(Task statement) Please repeat only the stretch of records running from the first line through the line that contains "Beautiful Georgette Saree".

Segment Open

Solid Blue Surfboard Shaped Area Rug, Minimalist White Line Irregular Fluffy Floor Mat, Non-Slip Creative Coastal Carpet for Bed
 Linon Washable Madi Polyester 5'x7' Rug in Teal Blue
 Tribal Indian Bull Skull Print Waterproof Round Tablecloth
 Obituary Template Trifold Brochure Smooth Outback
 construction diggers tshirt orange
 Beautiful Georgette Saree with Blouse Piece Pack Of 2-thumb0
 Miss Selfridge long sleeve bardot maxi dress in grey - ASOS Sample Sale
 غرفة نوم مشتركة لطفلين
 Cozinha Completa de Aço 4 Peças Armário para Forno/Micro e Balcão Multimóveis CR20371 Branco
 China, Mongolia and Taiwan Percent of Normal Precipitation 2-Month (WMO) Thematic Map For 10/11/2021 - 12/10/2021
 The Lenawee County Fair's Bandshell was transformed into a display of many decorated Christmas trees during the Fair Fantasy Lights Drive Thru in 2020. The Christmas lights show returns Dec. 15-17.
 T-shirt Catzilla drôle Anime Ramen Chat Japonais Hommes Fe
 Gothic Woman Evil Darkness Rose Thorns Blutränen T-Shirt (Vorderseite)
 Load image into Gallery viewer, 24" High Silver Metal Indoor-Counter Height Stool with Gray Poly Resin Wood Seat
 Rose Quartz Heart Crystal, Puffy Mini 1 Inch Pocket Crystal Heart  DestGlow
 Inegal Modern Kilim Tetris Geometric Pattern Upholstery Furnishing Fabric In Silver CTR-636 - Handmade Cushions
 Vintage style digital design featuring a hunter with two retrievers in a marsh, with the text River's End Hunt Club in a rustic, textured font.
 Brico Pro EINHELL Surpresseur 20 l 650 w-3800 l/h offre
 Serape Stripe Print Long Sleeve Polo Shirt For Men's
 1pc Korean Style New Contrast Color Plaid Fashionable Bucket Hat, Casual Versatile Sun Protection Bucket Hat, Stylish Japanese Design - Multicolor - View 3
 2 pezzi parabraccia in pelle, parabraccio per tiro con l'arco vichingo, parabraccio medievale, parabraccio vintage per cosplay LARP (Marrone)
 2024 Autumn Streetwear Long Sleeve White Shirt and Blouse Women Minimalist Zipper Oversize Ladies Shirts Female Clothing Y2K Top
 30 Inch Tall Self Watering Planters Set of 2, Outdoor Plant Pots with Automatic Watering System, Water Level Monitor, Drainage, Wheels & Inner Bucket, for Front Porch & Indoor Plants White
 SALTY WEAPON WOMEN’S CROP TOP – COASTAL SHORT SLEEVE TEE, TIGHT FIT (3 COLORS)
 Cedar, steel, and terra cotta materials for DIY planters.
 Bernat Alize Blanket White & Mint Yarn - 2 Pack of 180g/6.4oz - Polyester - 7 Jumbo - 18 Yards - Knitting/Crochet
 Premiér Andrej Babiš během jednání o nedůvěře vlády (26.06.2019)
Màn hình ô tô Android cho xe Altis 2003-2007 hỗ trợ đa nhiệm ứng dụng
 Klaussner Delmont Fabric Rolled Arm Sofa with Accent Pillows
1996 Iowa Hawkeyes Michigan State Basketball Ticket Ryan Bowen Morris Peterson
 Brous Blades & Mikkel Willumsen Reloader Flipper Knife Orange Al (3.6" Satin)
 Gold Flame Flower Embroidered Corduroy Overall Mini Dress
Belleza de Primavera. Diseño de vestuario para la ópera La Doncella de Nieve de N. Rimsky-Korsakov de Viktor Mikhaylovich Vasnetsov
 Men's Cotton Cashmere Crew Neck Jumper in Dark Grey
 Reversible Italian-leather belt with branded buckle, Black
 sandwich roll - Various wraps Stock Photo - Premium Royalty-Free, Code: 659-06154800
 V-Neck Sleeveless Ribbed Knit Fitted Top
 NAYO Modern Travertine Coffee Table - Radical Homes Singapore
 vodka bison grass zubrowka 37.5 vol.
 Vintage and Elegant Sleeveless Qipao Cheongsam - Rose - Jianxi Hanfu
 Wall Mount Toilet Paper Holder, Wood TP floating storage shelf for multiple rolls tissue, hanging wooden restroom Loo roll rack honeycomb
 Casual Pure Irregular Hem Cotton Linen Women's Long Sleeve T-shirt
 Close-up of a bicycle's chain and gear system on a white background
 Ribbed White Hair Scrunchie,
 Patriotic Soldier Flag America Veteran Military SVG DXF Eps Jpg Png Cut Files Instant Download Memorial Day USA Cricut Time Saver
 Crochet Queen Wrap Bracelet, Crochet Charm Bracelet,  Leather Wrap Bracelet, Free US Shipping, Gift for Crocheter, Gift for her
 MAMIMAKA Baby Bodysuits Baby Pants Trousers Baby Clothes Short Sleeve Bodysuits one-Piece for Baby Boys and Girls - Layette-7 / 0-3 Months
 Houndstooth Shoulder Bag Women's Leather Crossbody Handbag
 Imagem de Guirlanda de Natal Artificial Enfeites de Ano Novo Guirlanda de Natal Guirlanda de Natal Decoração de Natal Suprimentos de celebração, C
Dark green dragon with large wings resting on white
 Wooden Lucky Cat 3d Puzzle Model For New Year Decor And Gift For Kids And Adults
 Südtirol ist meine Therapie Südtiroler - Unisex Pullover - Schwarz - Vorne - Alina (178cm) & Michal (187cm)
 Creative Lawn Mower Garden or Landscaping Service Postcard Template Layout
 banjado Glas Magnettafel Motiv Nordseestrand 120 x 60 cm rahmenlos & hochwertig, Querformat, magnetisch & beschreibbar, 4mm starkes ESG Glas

Segment Closed

(Answer below)
Solid Blue Surfboard Shaped Area Rug, Minimalist White Line Irregular Fluffy Floor Mat, Non-Slip Creative Coastal Carpet for Bed
 Linon Washable Madi Polyester 5'x7' Rug in Teal Blue
 Tribal Indian Bull Skull Print Waterproof Round Tablecloth
 Obituary Template Trifold Brochure Smooth Outback
 construction diggers tshirt orange
 Beautiful Georgette Saree with Blouse Piece Pack Of 2-thumb0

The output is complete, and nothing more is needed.